Peter laughs. “Oh, Susan. Never change.”

They walk along the shoreline and the noonday sun is neither too hot nor too bright. The gulls call in the distance, their cries mingling with mermaid song as Peter tells her of the wonders of this land. While Lucy uses this country to catalogue her loves and Edmund to contemplate redemption, Peter takes it in whole and entire, as a High King in love with his land.

“It's mind-boggling to think that half a century has gone by,” muses Peter, “yet here you are, so they must have. There is nothing here to divide time except sunrise and sunset, and even then, they barely mean anything more than a lights show. Clocks won’t do a bit of good here. The nights are as gentle as the days, and the days as cool as the nights, and it all sort of blurs into one another until the words lose meaning.”

“Then how does everyone keep their appointments?”

“Appointments!” he cries out. “Oh, you are an old woman.”

“I did spend the past many years as one,” she replies, amused.

“Shall I ask the dwarves to fashion a cane for you? Or perhaps Tumnus knows of a salve for those creaking joints.”

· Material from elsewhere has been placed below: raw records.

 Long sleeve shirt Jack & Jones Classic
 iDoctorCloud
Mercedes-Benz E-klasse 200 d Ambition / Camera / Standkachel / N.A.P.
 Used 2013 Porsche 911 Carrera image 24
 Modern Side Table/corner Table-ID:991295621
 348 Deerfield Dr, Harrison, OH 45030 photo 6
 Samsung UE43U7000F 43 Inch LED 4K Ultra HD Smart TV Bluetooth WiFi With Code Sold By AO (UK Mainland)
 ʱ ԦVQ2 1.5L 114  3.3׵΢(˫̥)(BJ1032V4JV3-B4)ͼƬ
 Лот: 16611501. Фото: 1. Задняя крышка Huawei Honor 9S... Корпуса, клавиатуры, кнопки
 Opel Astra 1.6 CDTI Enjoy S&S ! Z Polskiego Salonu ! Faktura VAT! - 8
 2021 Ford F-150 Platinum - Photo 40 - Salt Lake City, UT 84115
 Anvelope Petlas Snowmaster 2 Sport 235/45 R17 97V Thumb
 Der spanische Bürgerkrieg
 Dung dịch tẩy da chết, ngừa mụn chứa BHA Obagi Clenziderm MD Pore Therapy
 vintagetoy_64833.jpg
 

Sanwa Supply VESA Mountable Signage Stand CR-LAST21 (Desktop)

She shoves him, so he tugs her braid and she yelps, and when she makes to swat him he ducks out of the way. They dodge each other, giggling like children, and when he runs, Susan gives chase. She wouldn’t have done so, once upon a time, but death has washed the grit of life from her bones and she is young again, she and Peter: children again, as they were before the years parted them in the way branches split from saplings’ trunks. Before convention tamed them, before prophecy claimed them, it was enough to be children, as it is enough to be here now. She catches up to him, because she wants to, because he wants her to, and they tumble into the sand dizzy with something she hasn’t felt since that first breath of spring in Narnia.

+

Susan does not see Aslan until days later, and she does not begrudge him the wait this time. She has learned patience in life, and in death her heart is light; her hours are occupied when she wants them to be, lazy and long when she wishes otherwise. She can nap on hillsides to her heart’s content and never be late to tea with Tumnus. She can dance with Caspian and Peter and Edmund for an age at one of the many feasts and still have enough night left over to slip away with Lucy to Paravel’s tallest tower, where the queens would watch the constellations and share wine and stories until the eastern sea glitters with sunlight and the penultimate flicker of the stars.

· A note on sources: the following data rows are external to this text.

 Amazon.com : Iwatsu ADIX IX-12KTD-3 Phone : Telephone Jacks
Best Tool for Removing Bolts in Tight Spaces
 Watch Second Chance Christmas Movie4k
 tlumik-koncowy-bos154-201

When Susan sees Aslan at last, he smiles at her, his tawny eyes softening, and she falls in step with him as they walk together through the forest in gentle silence. She rests one hand on his body as they walk, like many years ago, his fur thick under her palm. They ask each other no questions and offer no answers, for the Lion knows her inside and out, and can read her heart as easily as the centaurs read the stars. And as for Susan herself, she feels the warmth of the sun on her skin and the familiar weight of the crown on her brow, and it is enough.

They walk to the edge of a meadow where, in the distance, Edmund and Lucy practice sparring as Peter sits under a shade of a tree to watch.

“Be at peace, Daughter of Eve,” says the Lion, and his breath is warm and sweet in her soul.

Susan hesitates only briefly before embracing him, and she feels him purr against her arms. She strokes his mane, smiling, and then Aslan turns and disappears between the trees.

She turns around and goes, head held high and footsteps light, to her family.